Hi
On Wed, Mar 2, 2016 at 1:39 PM, Robbie Barton <
thesuns...@gmail.com> wrote:
> Need advice on how to virtualize ScyllaDB.
>
> I have a cluster of 2-6 1U boxes with 4-8 SSD drives in each.
>
> In Cassandra, I run Xen on each box and dedicate each SSD to it's own
> virtual machine.
> By associating Cassandra Nodes to physical disks, I isolate disk failures to
> a single node which
> can be drained and removed from the cluster.
>
> This works OK and I've tried Docker and other solutions to minimize the
> impact of virtualization
> but haven't had as much luck as I'd like.

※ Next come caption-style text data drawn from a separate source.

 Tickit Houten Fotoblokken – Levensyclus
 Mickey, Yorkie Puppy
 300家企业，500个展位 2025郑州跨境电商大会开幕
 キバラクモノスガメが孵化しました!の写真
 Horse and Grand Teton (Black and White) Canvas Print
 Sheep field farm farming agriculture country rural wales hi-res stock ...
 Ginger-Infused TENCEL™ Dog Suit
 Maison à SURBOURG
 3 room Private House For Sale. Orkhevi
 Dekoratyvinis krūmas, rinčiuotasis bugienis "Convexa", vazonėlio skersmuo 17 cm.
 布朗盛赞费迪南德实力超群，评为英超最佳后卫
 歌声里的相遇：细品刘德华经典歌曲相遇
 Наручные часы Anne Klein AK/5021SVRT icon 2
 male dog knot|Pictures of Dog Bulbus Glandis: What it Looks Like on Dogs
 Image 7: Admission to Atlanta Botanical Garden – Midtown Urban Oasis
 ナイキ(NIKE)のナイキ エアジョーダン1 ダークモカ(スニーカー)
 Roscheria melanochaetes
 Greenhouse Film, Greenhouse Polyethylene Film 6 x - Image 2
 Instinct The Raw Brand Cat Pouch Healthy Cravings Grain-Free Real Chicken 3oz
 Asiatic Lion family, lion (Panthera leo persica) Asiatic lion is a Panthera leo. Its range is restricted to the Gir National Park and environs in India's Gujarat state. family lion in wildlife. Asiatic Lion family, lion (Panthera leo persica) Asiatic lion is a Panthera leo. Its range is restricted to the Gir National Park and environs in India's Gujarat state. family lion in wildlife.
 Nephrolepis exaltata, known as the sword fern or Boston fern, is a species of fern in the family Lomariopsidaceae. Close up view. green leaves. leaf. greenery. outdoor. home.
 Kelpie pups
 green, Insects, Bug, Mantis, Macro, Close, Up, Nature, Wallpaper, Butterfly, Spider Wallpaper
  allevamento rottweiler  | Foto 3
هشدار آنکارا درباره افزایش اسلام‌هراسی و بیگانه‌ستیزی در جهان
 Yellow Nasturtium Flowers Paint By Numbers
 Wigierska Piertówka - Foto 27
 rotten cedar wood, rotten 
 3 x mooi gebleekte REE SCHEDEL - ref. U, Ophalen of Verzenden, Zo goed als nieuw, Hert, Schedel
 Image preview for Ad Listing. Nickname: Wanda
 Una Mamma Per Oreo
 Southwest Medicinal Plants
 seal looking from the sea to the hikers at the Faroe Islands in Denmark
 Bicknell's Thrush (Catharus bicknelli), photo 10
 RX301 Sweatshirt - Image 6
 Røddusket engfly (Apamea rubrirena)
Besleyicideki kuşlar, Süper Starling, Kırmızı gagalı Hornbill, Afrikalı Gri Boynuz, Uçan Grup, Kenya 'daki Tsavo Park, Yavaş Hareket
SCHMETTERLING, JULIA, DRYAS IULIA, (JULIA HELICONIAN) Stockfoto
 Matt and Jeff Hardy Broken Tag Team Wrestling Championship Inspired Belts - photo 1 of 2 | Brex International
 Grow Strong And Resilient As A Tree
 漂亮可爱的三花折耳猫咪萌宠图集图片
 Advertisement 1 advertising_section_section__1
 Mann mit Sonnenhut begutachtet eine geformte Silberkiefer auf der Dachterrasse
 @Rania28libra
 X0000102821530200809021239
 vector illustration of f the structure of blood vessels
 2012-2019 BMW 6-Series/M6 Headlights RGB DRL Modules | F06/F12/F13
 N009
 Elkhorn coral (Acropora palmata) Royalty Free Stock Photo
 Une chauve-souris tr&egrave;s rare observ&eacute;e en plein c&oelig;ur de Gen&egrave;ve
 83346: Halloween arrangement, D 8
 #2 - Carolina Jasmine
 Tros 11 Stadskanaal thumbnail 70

I hope some day I can get rid of
> Xen
> and run one node per drive on the raw hardware.
>
> I'm also testing ScyllaDB and am very impressed with the performance and
> hope to use
> it as a drop in replacement after GA.
We are glad to hear that!
> Since the Scylla developers came from virtualization backgrounds, maybe they
> can do better.
>
> In other words, is it possible to create /var/lib/cassandra[1-n] filesystems
> on one machine and
> run one ScyllaDB/Cassandra node per filesystem without using Xen to
> virtualize each node?
It should be totally possible to do that.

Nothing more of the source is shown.